An indirect measure of a variable that cannot be directly measured. For example, we cannot directly measure past drought conditions using sediments, but we can quantify the abundance of desert plants based on the pollen they produced and was subsequently deposited, and this gives us details about changes to the vegetation and acts as one proxy for understanding droughts.
A much more robust understanding of past environmental conditions can be established by examining multiple lines of evidence through the analysis of a number of proxies.
The study of ecological relationships throughout the past (Brewer et al., 2012). This type of research helps us understand how the current landscapes evolved into what we see today and can be used to inform land management decisions for the future.
In certain environments, materials accumulate or grow and contain a signal of the surrounding environmental conditions at the time of deposition (Brewer et al., 2012).

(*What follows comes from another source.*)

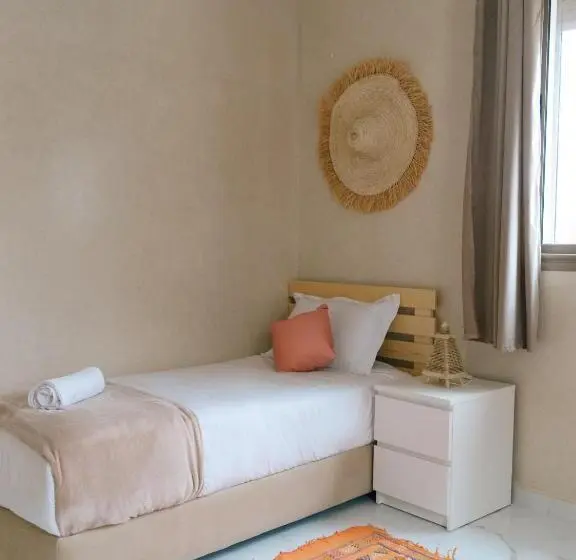 スタンダードルーム, Flo Surf Morocco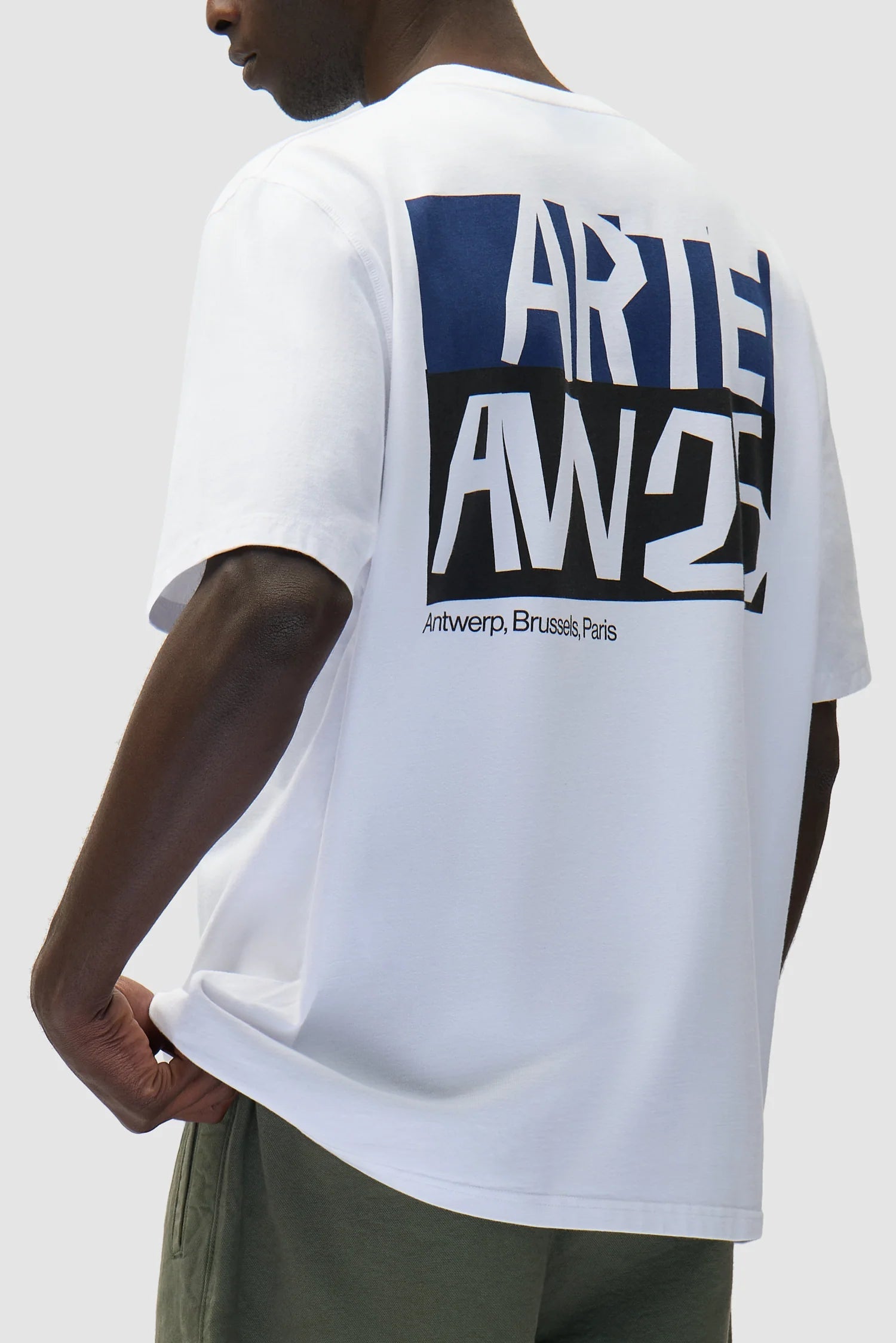 Arte Antwerp - Cut Out Print T-shirt - White - T-shirts - AW25-221T-S-WHITE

The study of contemporary and fossil microscopic organic remains (“palynomorphs“), including pollen and spores. Siliceous and calcareous remains of organisms, such as the exoskeletons of diatoms and foraminifera are not included in this field. An integral part of palaeoecological research, palynology can yield important data on species composition and change therein over time, and acts as a proxy for different environmental factors.
Microscopic organic plant and animal remains found in sedimentary rock and sediment cores. These include pollen, vascular plant spores, fungal spores, algal spores, dinoflagellate cysts, and arthropod remains. Palynomorphs typically range in size from about 5 μm to 500 μm, they require specific conditions to survive making them useful indicators of climate and environment change.
A view of the layers of sedimentary deposits. Sedimentary layers from a variety of depositional environments archive a wealth of proxy information about past environmental and climate history of an area.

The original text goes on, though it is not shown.